Problem ->
For this exercise, write out the full listing that follows exactly and skip its pictures.

Provided material ->

+++

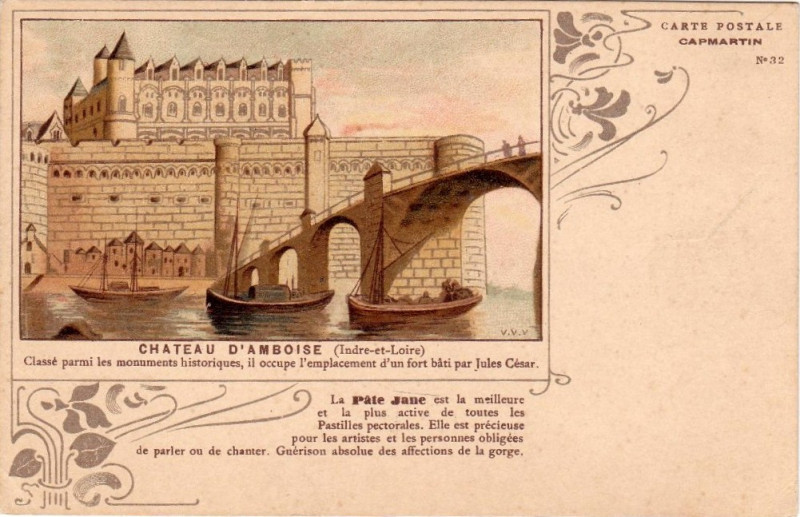 Carte postale ancienne Capmartin N 32 (b)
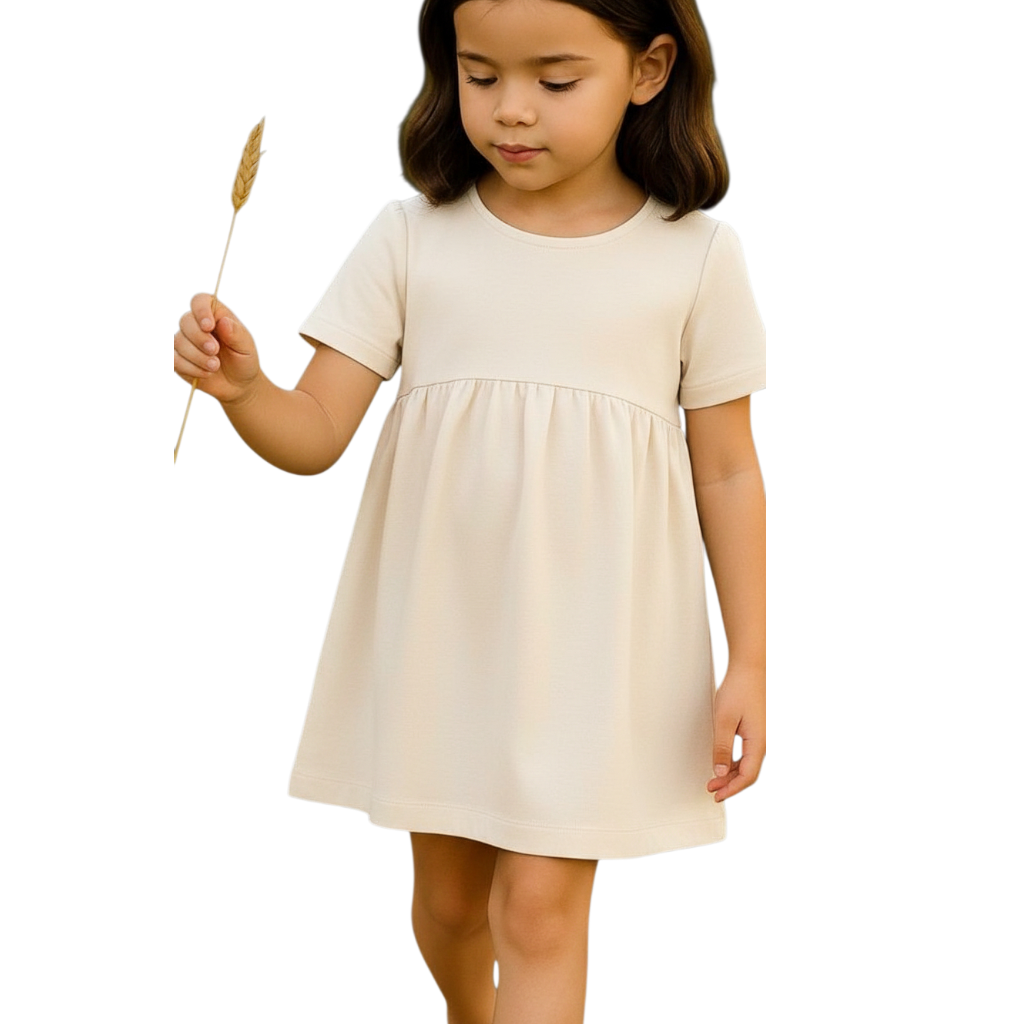 Linen Short Sleeve Dress Linen Short Sleeve Dress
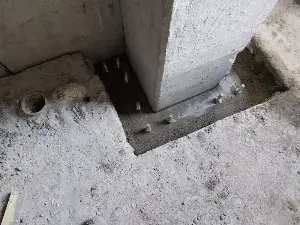 Rinforzi sismici bocciodromo - Concesio - Intervento su strutture portanti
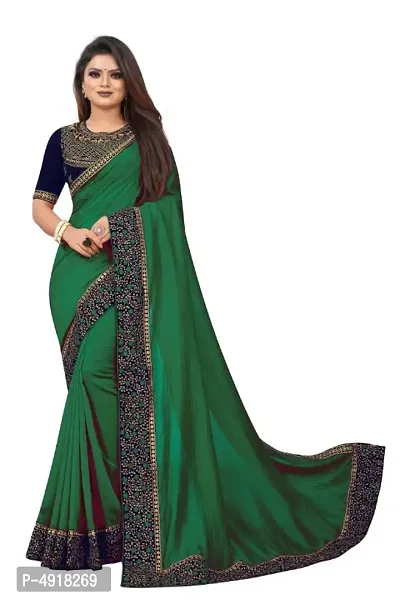 Stylish Multicolored Chiffon Embroidered Saree with Blouse piece-thumb0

+++

Answer to the exercise ->
 Carte postale ancienne Capmartin N 32 (b)
 Linen Short Sleeve Dress Linen Short Sleeve Dress
 Rinforzi sismici bocciodromo - Concesio - Intervento su strutture portanti
 Stylish Multicolored Chiffon Embroidered Saree with Blouse piece-thumb0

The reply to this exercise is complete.